The position of the Corporation is that the grievor simply chose to be defiant of the Corporation, for reasons which she best appreciates. The Arbitrator is inclined to accept that characterization of Ms. Werhun's conduct, particularly in the face of her own statements and behaviour during the course of the investigation conducted by the Corporation, and the conduct of her Union representative, Mr. Tony Blanchard, during that investigation. As this Office has repeatedly emphasized, the disciplinary investigation under a collective agreement is intended to be an expedited, informal exercise in fact finding both to assist the employer in determining whether misconduct did occur, and to afford the employee a reasonable opportunity to respond to any outstanding accusation. To the extent that this Office relies on the record of the disciplinary investigations, the integrity of that process must be respected.

The issue being examined during the investigation was whether the grievor was insubordinate in failing to respond to a directive to attend at a meeting with her supervisor. Unfortunately, during the course of the investigation Mr. Blanchard elicited evidence and comments from the grievor, and from himself, going to virtually all aspects of the operation of the Telephone Sales Office. Allegations are made of union busting, harassment and abuse of authority and power. Mr. Blanchard makes a number of statements bordering on actionable defamation. Among them: "Ms. Jean is nothing more than a mini-tyrant in a high tech sweat shop; ...". In reference to Ms. Cowan, Mr. Blanchard states that she "... has deliberately falsified a document leading to a person's investigation." Shortly afterwards Mr. Blanchard refers to a part of a statement recorded by Ms. Cowan in the following terms: "... that entire sentence is cow manure."

This Office well appreciates that Union representatives are to be given some scope in their choice of words in representing employees. There is a point, however, beyond which inflammatory statements do little to advance the fact finding process and clearly do not advance the interests of the employee whose very employment may be at stake. As this Office said in CROA 3157:

... As prior awards of this Office have confirmed, the disciplinary investigation process is an intrinsic part of the expedited system of arbitration utilized within the railway industry in Canada. Its integrity must be respected if the arbitration system of this Office is to itself be reasonably efficient and able to rely on information gathered within that process. An examination of the record causes the Arbitrator to conclude that the grievor and his representative were openly contemptuous of the investigation process. They were unresponsive to a degree which gave the investigating officer a reasonable basis to conclude that any further attempt at questioning the grievor would only meet still more frustration.

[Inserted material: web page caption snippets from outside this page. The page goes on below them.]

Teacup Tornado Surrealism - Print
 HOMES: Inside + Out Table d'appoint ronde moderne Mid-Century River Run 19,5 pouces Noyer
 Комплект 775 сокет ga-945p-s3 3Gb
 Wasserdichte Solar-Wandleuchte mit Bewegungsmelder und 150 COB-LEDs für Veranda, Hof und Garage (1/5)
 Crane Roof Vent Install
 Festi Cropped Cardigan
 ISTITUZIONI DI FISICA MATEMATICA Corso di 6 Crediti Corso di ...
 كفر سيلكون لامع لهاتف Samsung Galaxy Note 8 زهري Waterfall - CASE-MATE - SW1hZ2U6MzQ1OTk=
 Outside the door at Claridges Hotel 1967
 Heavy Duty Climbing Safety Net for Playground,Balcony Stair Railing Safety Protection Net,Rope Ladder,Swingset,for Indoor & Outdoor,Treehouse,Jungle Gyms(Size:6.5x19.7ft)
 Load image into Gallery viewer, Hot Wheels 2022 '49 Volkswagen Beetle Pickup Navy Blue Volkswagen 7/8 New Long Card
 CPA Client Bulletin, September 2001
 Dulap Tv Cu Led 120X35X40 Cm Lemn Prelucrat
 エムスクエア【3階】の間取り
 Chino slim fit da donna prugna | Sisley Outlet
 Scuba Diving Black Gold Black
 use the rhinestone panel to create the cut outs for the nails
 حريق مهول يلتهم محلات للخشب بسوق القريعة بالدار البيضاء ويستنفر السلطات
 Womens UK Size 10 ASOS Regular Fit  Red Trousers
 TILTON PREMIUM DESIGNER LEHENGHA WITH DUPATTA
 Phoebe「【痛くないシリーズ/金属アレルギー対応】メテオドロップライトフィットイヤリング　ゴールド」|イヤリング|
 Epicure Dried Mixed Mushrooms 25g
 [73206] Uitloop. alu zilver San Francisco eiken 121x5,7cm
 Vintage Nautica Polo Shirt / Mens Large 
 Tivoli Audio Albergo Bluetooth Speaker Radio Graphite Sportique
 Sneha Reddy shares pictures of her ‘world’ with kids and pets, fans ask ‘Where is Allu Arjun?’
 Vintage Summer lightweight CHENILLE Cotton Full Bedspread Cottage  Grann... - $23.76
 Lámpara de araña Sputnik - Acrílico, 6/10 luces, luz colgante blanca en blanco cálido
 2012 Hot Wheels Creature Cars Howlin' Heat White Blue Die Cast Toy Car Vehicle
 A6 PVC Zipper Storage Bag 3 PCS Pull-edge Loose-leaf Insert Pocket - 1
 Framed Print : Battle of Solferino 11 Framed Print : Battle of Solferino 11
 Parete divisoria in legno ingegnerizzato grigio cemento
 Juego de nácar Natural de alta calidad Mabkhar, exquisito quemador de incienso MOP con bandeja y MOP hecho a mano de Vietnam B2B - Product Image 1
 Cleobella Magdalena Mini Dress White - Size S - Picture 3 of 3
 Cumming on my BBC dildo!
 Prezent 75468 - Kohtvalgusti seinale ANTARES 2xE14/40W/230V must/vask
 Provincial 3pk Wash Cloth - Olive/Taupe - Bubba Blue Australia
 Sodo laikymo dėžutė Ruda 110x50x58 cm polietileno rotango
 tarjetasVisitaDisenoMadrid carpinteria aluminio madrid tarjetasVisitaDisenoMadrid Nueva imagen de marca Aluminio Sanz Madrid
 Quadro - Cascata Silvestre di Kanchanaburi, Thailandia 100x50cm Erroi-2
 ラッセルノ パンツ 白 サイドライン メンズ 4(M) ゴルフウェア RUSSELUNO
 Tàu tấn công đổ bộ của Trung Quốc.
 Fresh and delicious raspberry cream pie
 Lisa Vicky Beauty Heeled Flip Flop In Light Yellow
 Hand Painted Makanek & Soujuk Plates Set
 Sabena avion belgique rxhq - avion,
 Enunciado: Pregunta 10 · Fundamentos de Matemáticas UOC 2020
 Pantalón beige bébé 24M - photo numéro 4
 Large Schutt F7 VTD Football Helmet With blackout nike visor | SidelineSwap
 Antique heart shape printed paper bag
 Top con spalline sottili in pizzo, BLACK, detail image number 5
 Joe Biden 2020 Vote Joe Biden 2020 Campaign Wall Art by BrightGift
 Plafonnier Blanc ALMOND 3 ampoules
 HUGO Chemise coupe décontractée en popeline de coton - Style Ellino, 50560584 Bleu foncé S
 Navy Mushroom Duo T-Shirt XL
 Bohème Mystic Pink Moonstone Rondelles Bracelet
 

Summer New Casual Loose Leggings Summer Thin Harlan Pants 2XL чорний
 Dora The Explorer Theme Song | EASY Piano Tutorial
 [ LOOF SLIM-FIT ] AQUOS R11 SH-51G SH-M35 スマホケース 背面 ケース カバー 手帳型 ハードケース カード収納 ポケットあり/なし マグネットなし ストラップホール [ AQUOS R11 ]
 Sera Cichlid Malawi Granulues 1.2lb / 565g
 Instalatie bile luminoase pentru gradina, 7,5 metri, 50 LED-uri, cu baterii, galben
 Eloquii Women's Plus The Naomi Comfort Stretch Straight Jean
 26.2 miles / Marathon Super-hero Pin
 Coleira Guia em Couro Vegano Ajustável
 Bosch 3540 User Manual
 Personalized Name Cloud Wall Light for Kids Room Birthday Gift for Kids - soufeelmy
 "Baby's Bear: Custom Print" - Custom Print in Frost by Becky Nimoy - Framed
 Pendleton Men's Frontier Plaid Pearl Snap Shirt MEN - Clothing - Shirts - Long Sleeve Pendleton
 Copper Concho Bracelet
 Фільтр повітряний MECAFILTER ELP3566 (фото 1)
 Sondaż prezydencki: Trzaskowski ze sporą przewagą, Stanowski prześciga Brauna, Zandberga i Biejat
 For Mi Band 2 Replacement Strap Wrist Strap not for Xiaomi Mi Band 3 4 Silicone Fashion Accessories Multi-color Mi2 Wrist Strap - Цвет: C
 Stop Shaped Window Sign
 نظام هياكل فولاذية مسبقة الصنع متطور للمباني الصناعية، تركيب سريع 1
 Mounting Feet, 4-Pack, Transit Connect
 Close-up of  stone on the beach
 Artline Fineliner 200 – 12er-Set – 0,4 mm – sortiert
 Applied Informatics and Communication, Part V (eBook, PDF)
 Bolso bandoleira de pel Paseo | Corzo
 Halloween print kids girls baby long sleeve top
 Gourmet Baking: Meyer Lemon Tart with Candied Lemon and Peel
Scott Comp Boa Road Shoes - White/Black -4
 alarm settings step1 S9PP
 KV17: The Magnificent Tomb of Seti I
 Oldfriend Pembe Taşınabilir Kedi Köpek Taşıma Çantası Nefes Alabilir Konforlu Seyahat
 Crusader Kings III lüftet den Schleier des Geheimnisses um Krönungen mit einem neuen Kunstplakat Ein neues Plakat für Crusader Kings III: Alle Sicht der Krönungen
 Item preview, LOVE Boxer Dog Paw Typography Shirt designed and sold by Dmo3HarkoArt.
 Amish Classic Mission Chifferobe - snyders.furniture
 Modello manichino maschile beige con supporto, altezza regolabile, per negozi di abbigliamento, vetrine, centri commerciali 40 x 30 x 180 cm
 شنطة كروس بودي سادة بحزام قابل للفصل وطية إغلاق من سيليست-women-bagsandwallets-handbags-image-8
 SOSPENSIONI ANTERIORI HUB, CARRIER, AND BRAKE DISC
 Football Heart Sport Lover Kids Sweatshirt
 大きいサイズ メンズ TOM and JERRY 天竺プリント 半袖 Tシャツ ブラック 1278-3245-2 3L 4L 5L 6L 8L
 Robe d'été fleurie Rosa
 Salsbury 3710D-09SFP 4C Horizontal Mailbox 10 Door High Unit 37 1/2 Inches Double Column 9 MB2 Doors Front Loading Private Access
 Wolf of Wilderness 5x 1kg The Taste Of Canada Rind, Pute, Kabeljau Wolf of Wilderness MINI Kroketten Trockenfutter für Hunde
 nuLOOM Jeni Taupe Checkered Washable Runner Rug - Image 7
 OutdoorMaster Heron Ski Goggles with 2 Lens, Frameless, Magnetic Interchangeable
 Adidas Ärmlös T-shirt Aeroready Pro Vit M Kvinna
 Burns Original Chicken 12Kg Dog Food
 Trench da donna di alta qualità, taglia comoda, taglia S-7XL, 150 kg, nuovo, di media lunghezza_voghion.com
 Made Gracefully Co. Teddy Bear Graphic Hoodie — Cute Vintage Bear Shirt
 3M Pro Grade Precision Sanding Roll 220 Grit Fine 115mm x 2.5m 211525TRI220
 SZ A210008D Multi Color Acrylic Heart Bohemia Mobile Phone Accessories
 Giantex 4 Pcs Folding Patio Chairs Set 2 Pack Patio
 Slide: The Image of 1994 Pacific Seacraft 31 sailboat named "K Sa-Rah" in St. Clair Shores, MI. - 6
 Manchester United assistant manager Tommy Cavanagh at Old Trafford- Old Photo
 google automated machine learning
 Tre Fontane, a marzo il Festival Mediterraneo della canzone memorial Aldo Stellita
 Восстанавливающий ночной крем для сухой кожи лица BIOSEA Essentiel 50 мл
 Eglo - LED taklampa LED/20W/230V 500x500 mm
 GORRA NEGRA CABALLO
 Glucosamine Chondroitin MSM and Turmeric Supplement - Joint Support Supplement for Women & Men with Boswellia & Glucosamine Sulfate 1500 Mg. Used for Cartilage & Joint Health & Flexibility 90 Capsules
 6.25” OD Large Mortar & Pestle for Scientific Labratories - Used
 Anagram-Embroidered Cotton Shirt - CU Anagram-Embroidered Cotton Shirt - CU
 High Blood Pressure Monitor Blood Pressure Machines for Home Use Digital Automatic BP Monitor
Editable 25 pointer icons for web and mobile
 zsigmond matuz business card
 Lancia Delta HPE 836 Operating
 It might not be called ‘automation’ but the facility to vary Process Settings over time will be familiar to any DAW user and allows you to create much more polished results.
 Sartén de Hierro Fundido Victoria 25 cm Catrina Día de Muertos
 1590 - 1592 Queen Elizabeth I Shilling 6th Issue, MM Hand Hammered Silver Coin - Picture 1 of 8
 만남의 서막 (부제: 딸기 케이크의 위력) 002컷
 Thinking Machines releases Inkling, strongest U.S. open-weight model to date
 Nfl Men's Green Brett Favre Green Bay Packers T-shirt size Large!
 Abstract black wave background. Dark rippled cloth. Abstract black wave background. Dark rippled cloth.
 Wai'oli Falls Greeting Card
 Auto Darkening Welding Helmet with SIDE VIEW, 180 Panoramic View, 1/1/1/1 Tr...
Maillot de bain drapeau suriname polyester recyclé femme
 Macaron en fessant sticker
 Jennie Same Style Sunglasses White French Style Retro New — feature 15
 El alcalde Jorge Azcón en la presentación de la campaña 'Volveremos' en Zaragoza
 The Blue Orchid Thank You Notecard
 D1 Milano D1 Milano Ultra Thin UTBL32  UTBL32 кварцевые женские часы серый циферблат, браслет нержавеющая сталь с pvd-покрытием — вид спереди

Regardless of the ill-advised statements of her representative, the grievor remains entitled to an assessment of the discipline against her on its merits. Ms. Werhun is an employee of some twenty-nine years' service who had a clear disciplinary record at the time of the incident in question. In mitigation, she does not have a history of insubordination. She was clearly wrong in refusing to attend the meeting with Ms. Cowan, and was therefore deserving of some measure of discipline. In aggravation, there is no recognition of any error on her part in the statement she gave at the investigation. Nor was any made by her at the arbitration hearing. In all of the circumstances, particularly given that this appears to be a first offence of this type, the Arbitrator is satisfied that the assessment of fifteen demerits would have been appropriate to convey to the grievor the need to respond to a clear directive to attend at a meeting with her supervisor.

The grievance is therefore allowed, in part. The Arbitrator directs that the grievor's record be amended to reflect fifteen demerits for insubordination by refusing to attend the meeting with Ms. Cowan, as directed, on November 6, 2000.